About this task: Copy exactly the lines from the first line of the records below through the line containing "antiseptic for hands", including both, and nothing else.

[Stored items from a collection]
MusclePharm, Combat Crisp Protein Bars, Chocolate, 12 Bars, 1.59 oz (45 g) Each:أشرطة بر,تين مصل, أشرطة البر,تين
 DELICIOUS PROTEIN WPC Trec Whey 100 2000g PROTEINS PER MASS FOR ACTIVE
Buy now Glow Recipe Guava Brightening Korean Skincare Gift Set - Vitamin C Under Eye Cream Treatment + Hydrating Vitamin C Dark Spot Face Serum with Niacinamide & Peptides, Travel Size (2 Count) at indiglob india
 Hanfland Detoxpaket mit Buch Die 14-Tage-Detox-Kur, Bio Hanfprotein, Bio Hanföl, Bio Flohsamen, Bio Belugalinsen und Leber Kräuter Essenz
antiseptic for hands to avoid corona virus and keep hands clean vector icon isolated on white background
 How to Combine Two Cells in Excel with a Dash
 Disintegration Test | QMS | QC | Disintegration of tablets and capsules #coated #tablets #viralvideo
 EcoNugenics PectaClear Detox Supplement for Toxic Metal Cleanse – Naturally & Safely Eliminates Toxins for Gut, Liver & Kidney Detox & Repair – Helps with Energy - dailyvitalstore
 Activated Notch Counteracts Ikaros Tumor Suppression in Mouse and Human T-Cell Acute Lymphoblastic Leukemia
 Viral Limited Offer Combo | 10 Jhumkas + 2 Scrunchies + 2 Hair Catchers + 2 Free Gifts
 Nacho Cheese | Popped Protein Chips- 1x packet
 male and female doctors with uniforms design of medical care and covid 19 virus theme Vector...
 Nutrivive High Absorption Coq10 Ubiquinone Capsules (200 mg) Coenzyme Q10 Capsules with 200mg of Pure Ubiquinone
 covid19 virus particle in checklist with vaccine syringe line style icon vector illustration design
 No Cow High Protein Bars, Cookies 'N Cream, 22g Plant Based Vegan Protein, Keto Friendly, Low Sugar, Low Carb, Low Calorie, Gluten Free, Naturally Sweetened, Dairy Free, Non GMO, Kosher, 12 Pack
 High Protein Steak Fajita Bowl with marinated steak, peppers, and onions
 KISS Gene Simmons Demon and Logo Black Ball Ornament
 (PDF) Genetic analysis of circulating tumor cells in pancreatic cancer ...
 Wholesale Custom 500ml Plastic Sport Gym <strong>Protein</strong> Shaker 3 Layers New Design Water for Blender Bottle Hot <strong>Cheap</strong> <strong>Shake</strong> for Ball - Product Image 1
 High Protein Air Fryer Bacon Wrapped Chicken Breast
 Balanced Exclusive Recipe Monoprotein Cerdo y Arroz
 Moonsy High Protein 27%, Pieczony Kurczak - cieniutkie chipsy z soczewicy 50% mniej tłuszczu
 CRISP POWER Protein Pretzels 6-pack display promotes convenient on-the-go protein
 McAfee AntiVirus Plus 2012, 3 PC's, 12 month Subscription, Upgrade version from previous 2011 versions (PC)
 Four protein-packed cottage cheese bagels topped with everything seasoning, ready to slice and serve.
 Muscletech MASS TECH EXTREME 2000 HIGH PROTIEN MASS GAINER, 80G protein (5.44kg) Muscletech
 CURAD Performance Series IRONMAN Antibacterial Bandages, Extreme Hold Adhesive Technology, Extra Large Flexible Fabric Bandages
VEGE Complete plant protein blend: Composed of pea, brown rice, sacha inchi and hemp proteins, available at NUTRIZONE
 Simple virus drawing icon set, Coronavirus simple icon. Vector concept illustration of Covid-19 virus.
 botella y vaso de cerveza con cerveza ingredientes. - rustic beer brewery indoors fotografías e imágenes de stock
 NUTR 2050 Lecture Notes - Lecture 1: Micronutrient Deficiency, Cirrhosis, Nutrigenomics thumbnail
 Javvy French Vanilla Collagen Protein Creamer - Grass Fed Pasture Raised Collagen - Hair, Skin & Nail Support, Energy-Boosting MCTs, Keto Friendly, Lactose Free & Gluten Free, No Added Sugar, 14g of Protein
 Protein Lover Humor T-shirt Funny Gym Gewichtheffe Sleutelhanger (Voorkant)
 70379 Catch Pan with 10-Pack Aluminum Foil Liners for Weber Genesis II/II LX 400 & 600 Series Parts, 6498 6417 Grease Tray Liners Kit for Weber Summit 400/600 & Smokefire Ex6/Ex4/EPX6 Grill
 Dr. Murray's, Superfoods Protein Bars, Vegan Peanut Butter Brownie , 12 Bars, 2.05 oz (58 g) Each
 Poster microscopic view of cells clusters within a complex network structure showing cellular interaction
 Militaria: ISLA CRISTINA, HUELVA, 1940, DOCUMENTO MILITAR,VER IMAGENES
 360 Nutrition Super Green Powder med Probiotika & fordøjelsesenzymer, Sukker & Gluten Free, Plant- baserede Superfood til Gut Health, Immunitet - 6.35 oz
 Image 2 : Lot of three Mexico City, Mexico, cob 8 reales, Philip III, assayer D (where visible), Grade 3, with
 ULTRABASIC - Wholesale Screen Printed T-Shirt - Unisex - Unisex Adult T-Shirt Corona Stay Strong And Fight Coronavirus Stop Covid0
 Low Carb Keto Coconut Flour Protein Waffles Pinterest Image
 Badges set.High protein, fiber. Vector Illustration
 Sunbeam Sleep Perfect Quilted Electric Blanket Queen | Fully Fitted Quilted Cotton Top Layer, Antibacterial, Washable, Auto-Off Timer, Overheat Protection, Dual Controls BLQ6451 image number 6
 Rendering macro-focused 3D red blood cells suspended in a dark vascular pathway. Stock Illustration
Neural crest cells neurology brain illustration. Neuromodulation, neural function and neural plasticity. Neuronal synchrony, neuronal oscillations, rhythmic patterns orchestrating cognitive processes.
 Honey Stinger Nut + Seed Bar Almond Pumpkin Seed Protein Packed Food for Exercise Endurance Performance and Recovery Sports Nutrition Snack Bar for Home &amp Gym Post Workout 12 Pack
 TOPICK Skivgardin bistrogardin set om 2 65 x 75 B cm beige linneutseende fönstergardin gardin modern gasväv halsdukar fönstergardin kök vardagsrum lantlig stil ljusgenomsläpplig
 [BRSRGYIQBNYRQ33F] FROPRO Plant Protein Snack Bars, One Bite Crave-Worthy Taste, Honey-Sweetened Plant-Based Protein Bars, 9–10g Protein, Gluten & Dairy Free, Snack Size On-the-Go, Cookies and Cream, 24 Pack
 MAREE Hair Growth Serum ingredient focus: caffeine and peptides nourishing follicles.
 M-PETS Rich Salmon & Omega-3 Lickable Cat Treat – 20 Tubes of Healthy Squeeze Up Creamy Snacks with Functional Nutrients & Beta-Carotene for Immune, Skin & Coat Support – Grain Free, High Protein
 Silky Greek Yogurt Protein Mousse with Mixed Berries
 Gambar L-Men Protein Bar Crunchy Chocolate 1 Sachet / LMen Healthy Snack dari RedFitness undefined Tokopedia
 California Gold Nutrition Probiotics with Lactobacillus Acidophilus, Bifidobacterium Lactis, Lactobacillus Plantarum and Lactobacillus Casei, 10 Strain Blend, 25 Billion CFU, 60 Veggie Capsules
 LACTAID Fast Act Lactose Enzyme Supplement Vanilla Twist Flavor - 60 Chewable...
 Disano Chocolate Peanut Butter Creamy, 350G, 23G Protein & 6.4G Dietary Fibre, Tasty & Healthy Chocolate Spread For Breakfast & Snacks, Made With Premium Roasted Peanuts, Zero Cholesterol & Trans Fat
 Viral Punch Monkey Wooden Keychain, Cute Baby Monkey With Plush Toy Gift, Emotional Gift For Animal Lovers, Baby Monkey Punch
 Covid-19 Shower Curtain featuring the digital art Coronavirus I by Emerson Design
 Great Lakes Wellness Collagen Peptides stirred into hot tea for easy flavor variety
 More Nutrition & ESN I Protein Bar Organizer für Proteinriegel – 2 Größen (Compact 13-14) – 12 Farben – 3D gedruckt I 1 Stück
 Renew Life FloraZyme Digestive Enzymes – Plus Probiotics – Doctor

Solution:
MusclePharm, Combat Crisp Protein Bars, Chocolate, 12 Bars, 1.59 oz (45 g) Each:أشرطة بر,تين مصل, أشرطة البر,تين
 DELICIOUS PROTEIN WPC Trec Whey 100 2000g PROTEINS PER MASS FOR ACTIVE
Buy now Glow Recipe Guava Brightening Korean Skincare Gift Set - Vitamin C Under Eye Cream Treatment + Hydrating Vitamin C Dark Spot Face Serum with Niacinamide & Peptides, Travel Size (2 Count) at indiglob india
 Hanfland Detoxpaket mit Buch Die 14-Tage-Detox-Kur, Bio Hanfprotein, Bio Hanföl, Bio Flohsamen, Bio Belugalinsen und Leber Kräuter Essenz
antiseptic for hands to avoid corona virus and keep hands clean vector icon isolated on white background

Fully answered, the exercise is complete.